Available data
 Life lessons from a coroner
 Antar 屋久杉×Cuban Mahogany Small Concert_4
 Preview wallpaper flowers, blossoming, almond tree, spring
---
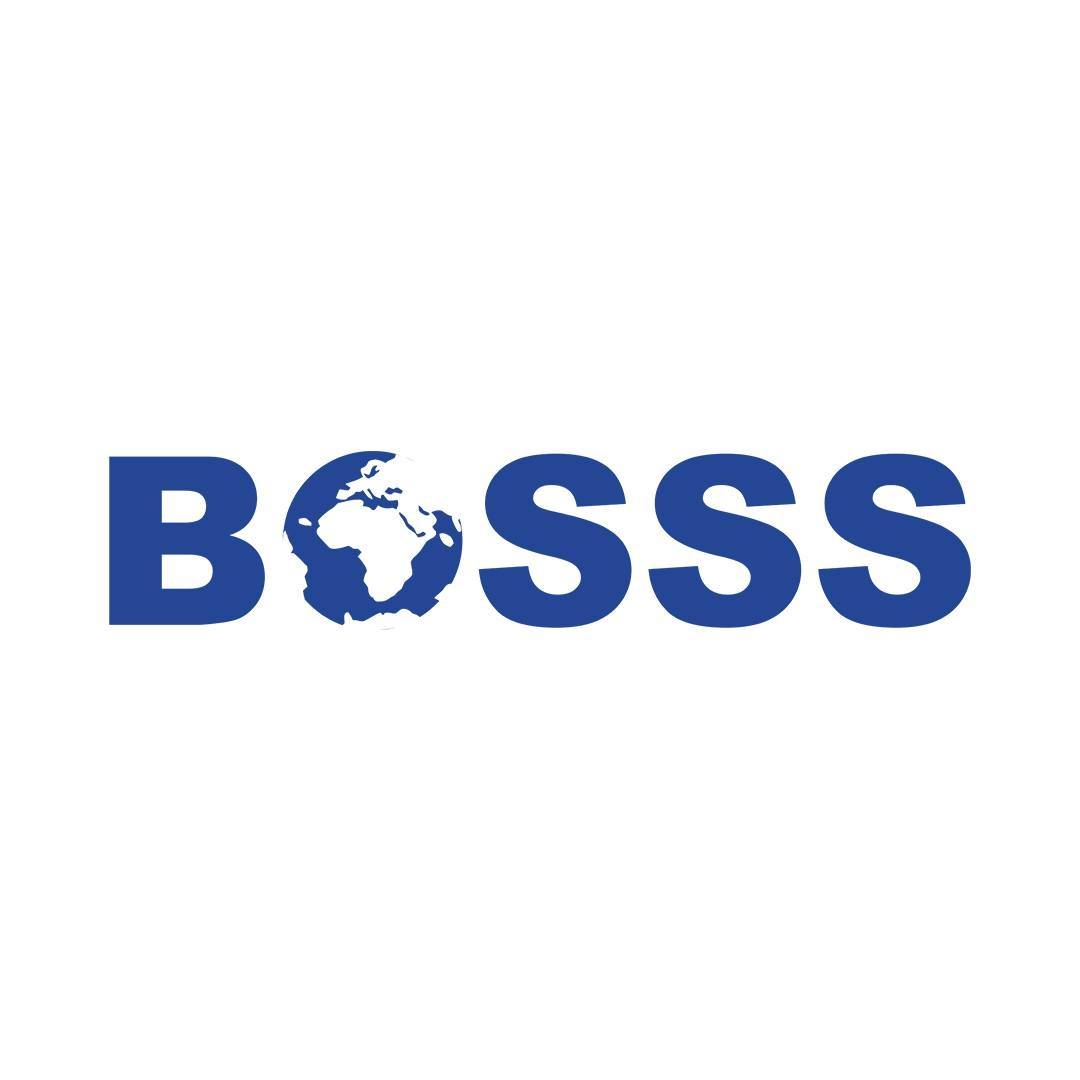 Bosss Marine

What the task requires
In the listing above, find the line with "Antar 屋久杉×Cuban Mahogany Small Concert_4" and the line with "Preview wallpaper flowers, blossoming, almond"; output exactly those lines and all lines between them.

Task output
 Antar 屋久杉×Cuban Mahogany Small Concert_4
 Preview wallpaper flowers, blossoming, almond tree, spring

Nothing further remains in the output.